Lake Elmo Township.
Lake Elmo Township was organized in 1858, named for Lake Elmo proper — a substantial spring-fed lake near the center of the township. The land was glacially carved drumlin terrain — elongated hills running southwest-to-northeast with kettle ponds and small lakes in the depressions between them. The lakes and rolling terrain made it less suitable for large-scale agriculture than the flatter townships nearby, which is why Lake Elmo developed more slowly and along a different pattern than its neighbors.
The cabin era.
Lake Elmo became a popular cabin and cottage destination for Saint Paul and Minneapolis residents in the 1920s. The interurban rail line reached Lake Elmo by 1900, making it an easy weekend trip. Modest summer cabins went up around Lake Elmo proper, Olson Lake, and several smaller water bodies. Through the 1950s the township remained primarily a vacation destination — small seasonal cabins, scattered year-round farmhouses, and very little subdivision development.
Becoming a city.
The township incorporated as the City of Lake Elmo in 1974. The new municipal government inherited a deeply ingrained preference for the rural-residential character — large lots, gravel roads, no subdivisions if it could be helped.
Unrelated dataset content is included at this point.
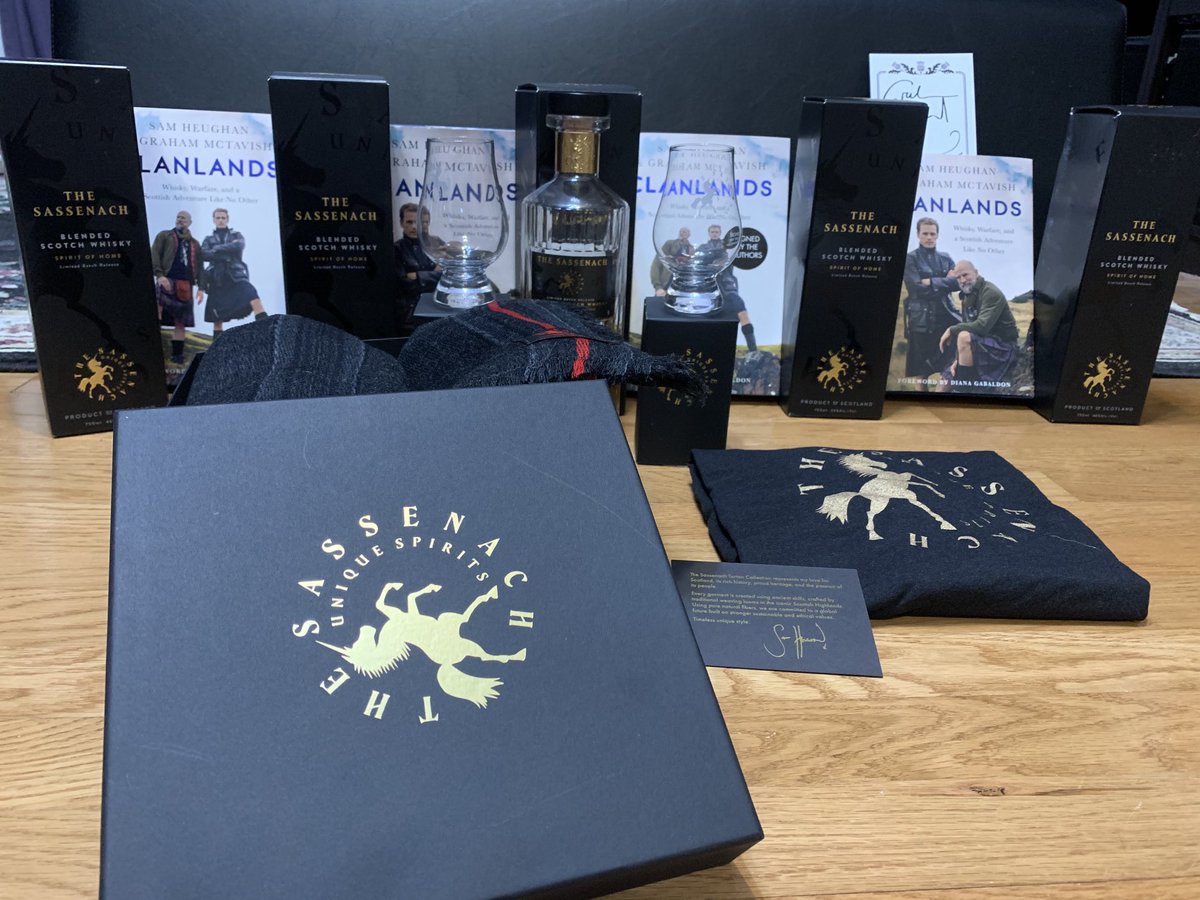 ⁦<a href="/SamHeughan/">Sam Heughan</a>⁩ ⁦<a href="/SassenachSpirit/">Sassenach Spirits</a>⁩  ⁦<a href="/SassenachTartan/">Sassenach Tartan</a>⁩ Finally the whole set arrived. What a beautiful sight. Happy Burns night to me!  ⁦<a href="/MyPeakChallenge/">My Peak Challenge</a>⁩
That preference would shape the next forty years of Lake Elmo politics.
The park reserve and the slow-growth fight.
Washington County established the Lake Elmo Park Reserve in 1973 — over 2,000 acres of oak savanna, prairie restoration, and lakeshore that would never be developed. The park reserve became both a defining amenity for Lake Elmo and a tool for the city to limit growth. For decades the city fought subdivision requests, restricted lot sizes to large-acreage minimums, and clashed repeatedly with the Metropolitan Council over the city's share of regional growth. The result was that Lake Elmo's housing stock through 2010 consisted of converted cabins, scattered farmsteads, and a small number of larger rural-residential properties — almost none of the standard subdivisions filling in neighboring Woodbury and Oakdale.
The 2010s development era arrives.
The slow-growth era effectively ended in the 2010s when the city agreed to expand municipal sewer service and accept new subdivisions on the eastern and southern edges. The result has been rapid recent growth — new luxury subdivisions on land that had been farmland or hobby acreage for over a century. The 2010s and 2020s subdivision homes are modern poured-concrete construction on engineered backfill, built to current code, but they're going up alongside 1920s lake cabins and 1970s farmhouses that have been there for generations.
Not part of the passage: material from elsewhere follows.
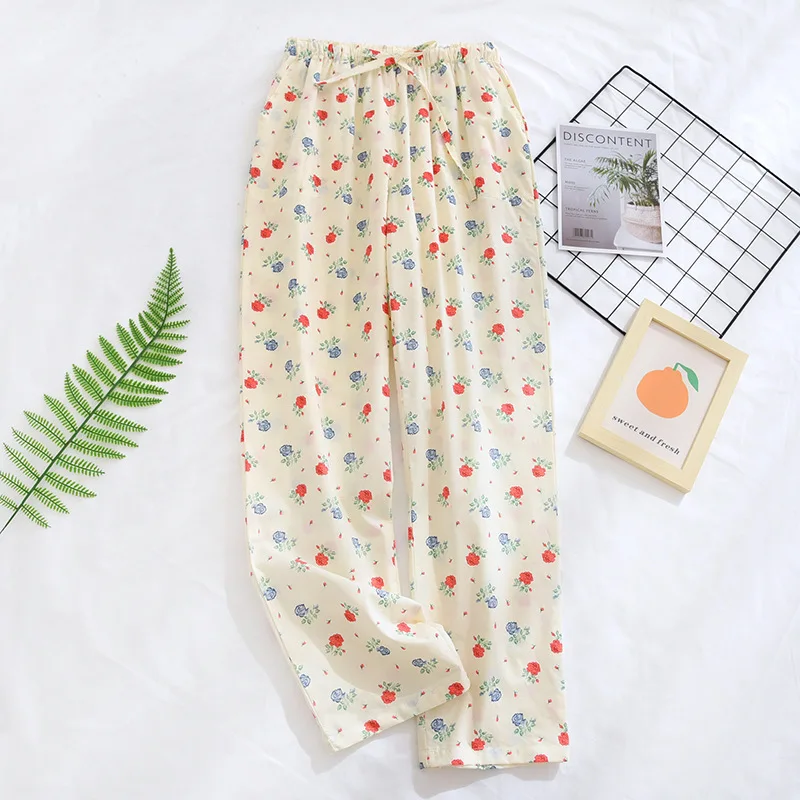 Plain Cloth Rural Floral Pajama Pants Female Summer Thin Encryption Cotton Side Pockets Home Large Can Be Worn Outside Trousers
Drumlin terrain on glacial till.
Lake Elmo sits on classic drumlin terrain — elongated glacial hills oriented southwest-to-northeast, with kettle ponds and small lakes in the depressions between them. Surface geology is late Wisconsin glacial till, generally clay-rich on the drumlin slopes and sandier in the kettle depressions. The underlying bedrock is Prairie du Chien dolomite, sitting at variable depth beneath the drift cover.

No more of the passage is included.